REQUIREMENT:
After finding "Picture of Nandina domestica 'Obsessed'" in the data, write out its line and all following lines without change, up to and including the last one. Leave out pictures.

DATASET CONTENT:
================

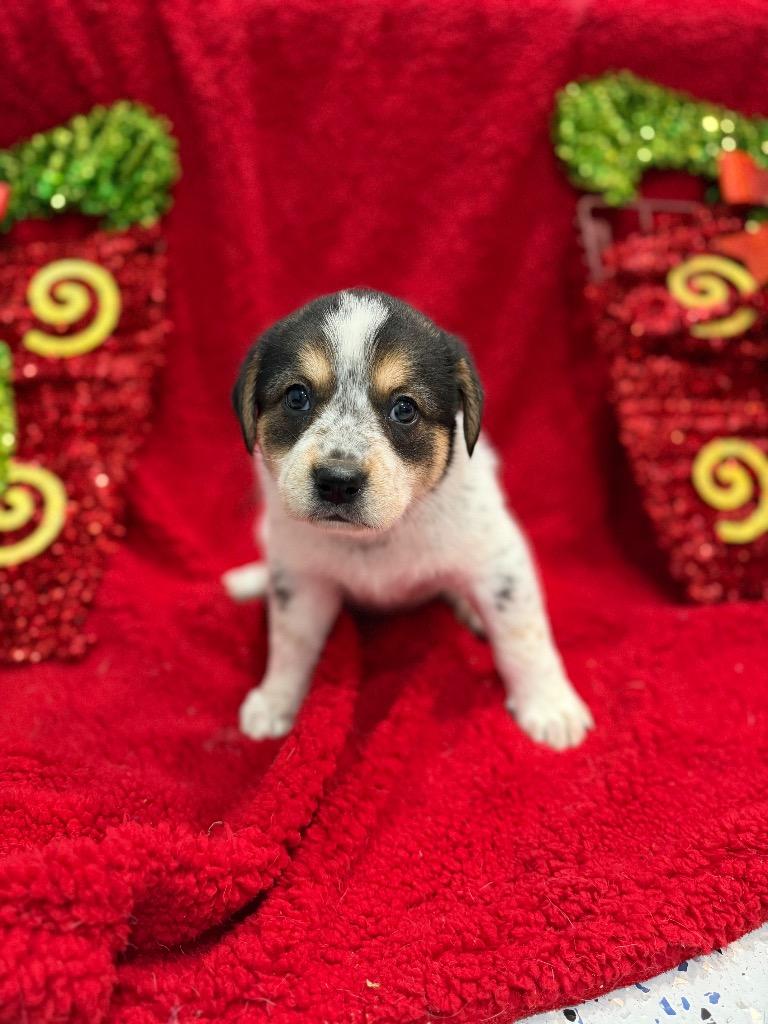 Howdy, Adoptable, Puppy Female Labrador Retriever.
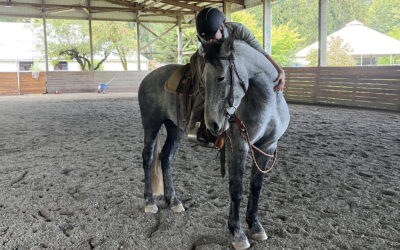 Arionna Under Saddle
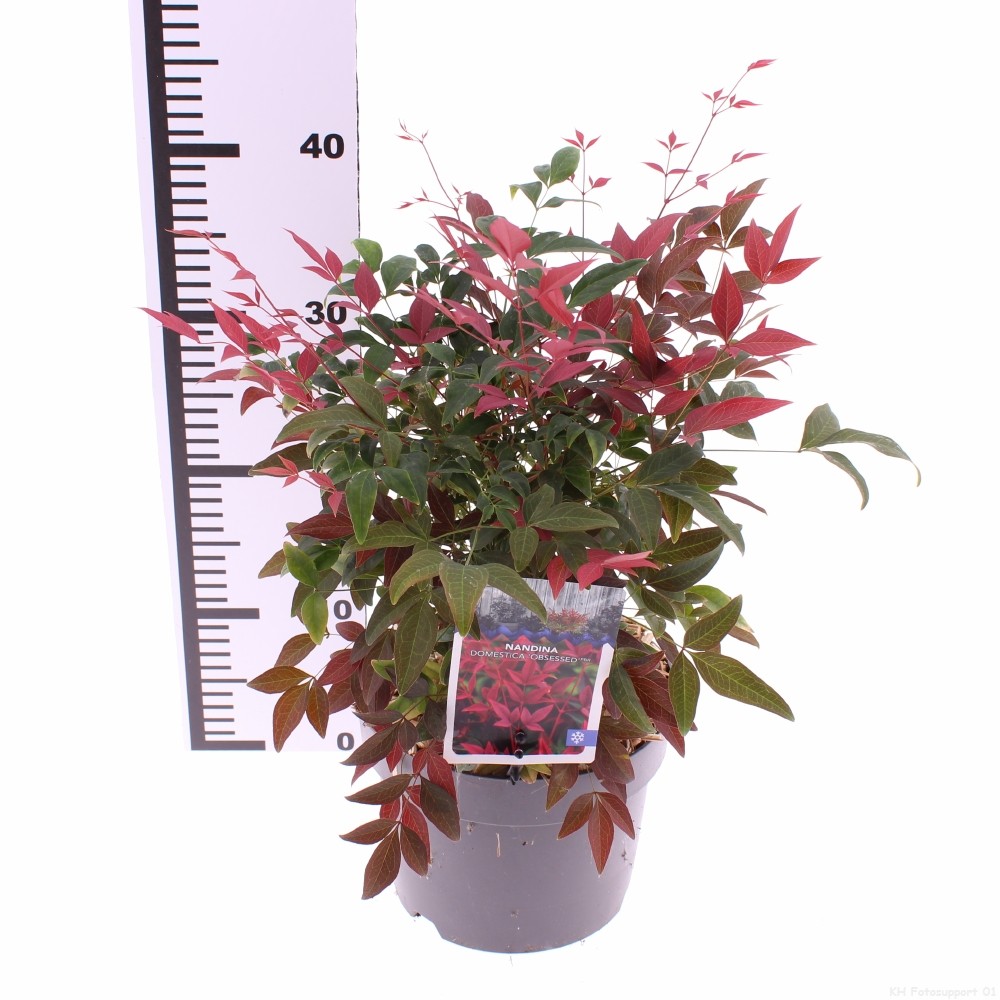 Picture of Nandina domestica 'Obsessed'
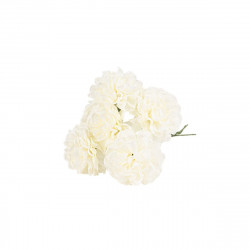 6 Hortensias Ivoire et Vert sur Tige 10c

================

RESULT FOR THIS TASK:
 Picture of Nandina domestica 'Obsessed'
 6 Hortensias Ivoire et Vert sur Tige 10c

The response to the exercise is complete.